Son las cosas cotidianas las que nos cuentan la historia. Una vasija recuperada del fondo del mar nos habla del garum, la salsa de los romanos, y nos acerca a las costas de Cádiz. Donde ahora mismo se tuestan al sol cuerpos nacionales y extranjeros, se afanaban hace siglos los conquistadores, ignorantes de que también ellos serían memoria algún día. Una crátera guarda aún el aroma del vino mezclado con el agua, un pecio cuenta el fragor de la batalla, monedas de oro enterradas en el fango siguen oliendo a codicia. Los arqueólogos consideran tesoros las esquirlas, las puntas de hueso, el humilde menaje que nos habla de la hora de la comida en un ritual repetido desde siempre.

Las cosas cotidianas cuentan la historia, sí, no las grandes gestas. Igual que el mar muestra en sus naufragios la esencia de lo que somos. Como ahora, cuando las olas devuelven con calma una y otra vez los cuerpos de los refugiados. Las mujeres. Los niños. Los que tienen más suerte llegan a los campos y comienzan su pequeña vida, la verdadera historia que no contamos nunca. Buscan una esquina soleada, lejos del mar, que les trae malos recuerdos. Y poco a poco se van amoldando a la rutina de lo cotidiano: salir a buscar comida, hacer cola, desacostumbrarse al lujo del grifo, del agua caliente en la bañera. Cómo se baña uno en esos sitios. Qué come. Dónde cocina. Cómo lava los platos. ¿Los niños hacen deberes? ¿A qué juegan los niños en los campos de refugiados? ¿Qué encontrarán los historiadores siglos más tarde o cómo explicarán nuestra indiferencia ante la ignominia?

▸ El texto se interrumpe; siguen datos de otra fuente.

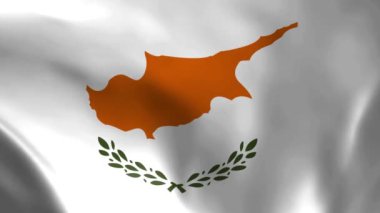 Kıbrıs Cumhuriyeti bayrağı rüzgarda dalgalanıyor. detaylı kumaş dokusu. Kusursuz döngülü animasyon.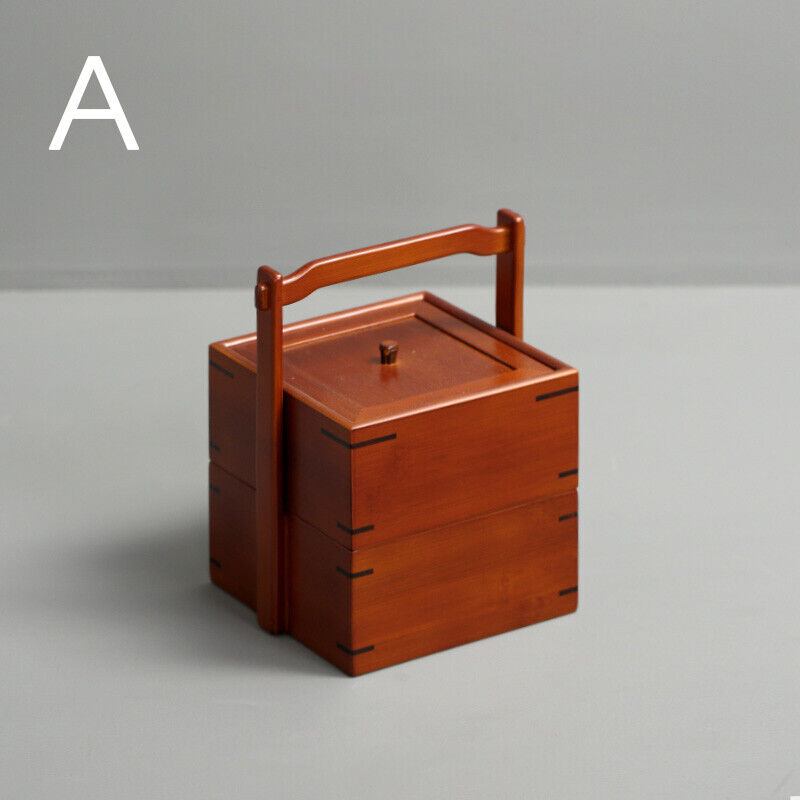 Portable Teacup Teapot Fruit Food Bamboo Storage Box Retro Basket Picnic Box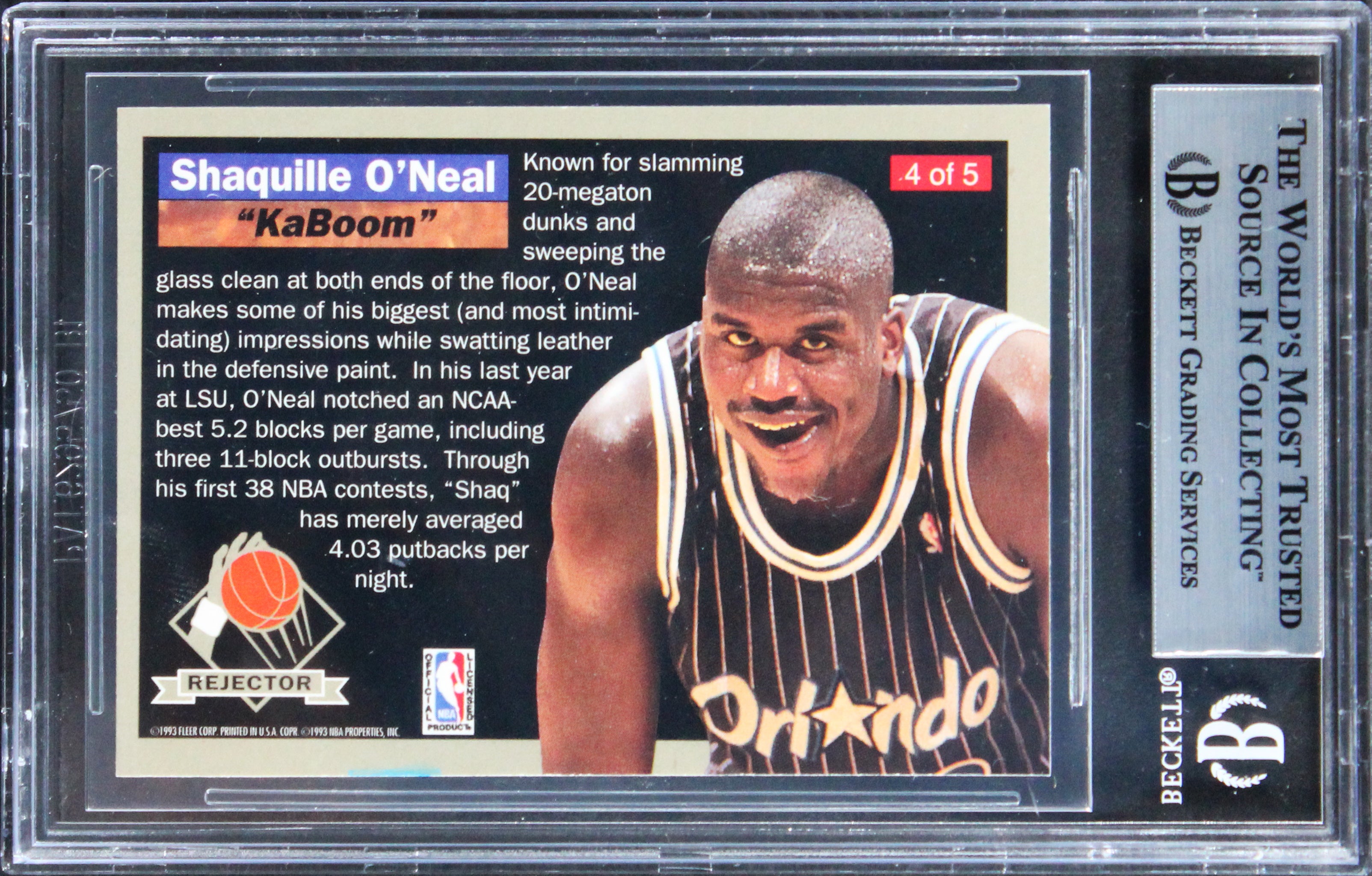 Magic Shaquille O'Neal Signed 1992 Ultra Rejectors #4 Rookie Card BAS Slabbed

Pulirán los objetos, expondrán lo que queda de aquellos días. Una zapatilla desparejada, restos de un cadáver en la playa, alguna moneda de un país abandonado a toda prisa por culpa de una guerra. Una vasija. Restos de quienes se consideraban a salvo de la historia hasta que esta los golpeó y de qué modo. Cosas cotidianas, cargadas de vergüenza. Cosas que nuestra ignorancia egoísta cree que no vamos a conocer nunca.